Por isso já entendi que, antes de decidir de vez se vou ao show, terei que dedicar alguns dias à imersão. Ouvir com calma o trabalho mais recente, compreender a proposta da turnê, sentir o que Plant está apresentando agora. “Googleando”, descobri que a banda se chama Saving Grace e que ele divide vocais com a cantora Suzi Dian. Duas informações e já me vi abrindo mais abas, salvando links, criando mentalmente uma playlist prévia. Outra pesquisa que, inevitavelmente, vou aprofundar.
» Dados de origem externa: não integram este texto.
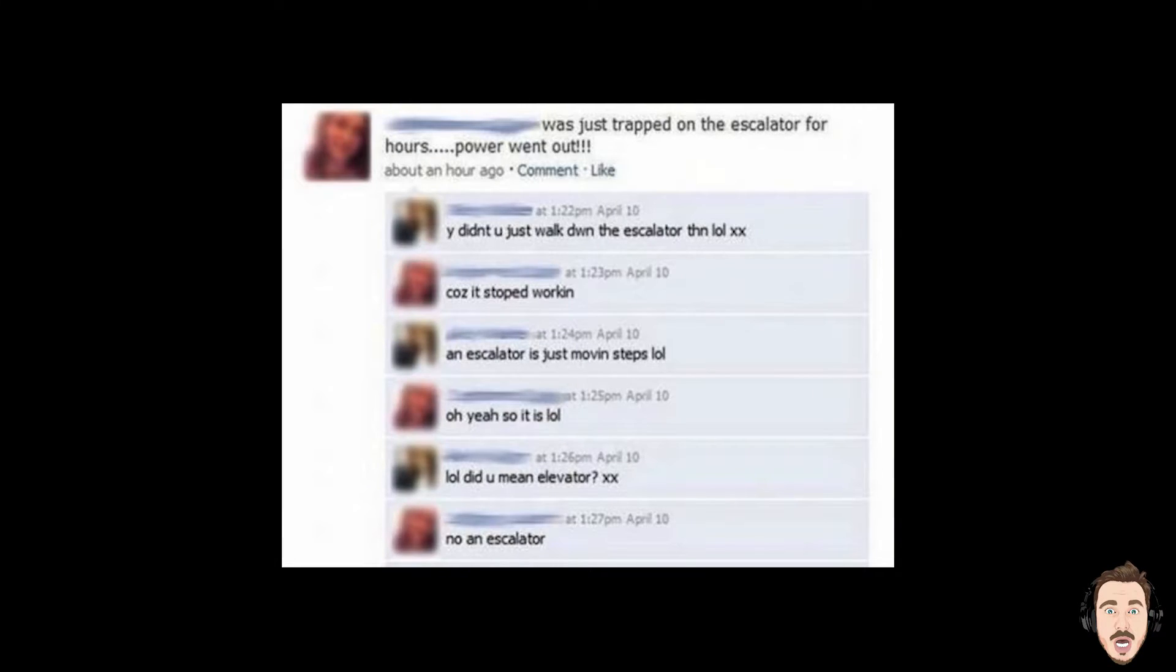Was just trapped on the escalator for hours, power went out. That really is a face. I mean, genuinely do some of these people not think before actually typing on social media? Because you just end up getting roasted on this.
E enquanto penso em tudo isso, percebo como música é uma daquelas linguagens que se entrelaçam com a memória. Bom seria se todos nós tivéssemos a chance de assistir a todos os artistas que marcaram momentos importantes da nossa vida. Há músicas que se tornam moradia, que nos lembram de quem fomos e de quem somos quando apertamos o play. Ver isso acontecer ao vivo, sentir o impacto real, o calor da plateia, o vibrar das caixas de som, o silêncio antes do primeiro acorde... não existe sensação igual.

Talvez eu ainda não tenha decidido se vou ou não. Talvez a decisão já esteja tomada e eu só esteja procurando justificativas. O fato é que a simples possibilidade já me levou a revisitar um pedaço de história. E isso, por si só, já vale o ingresso.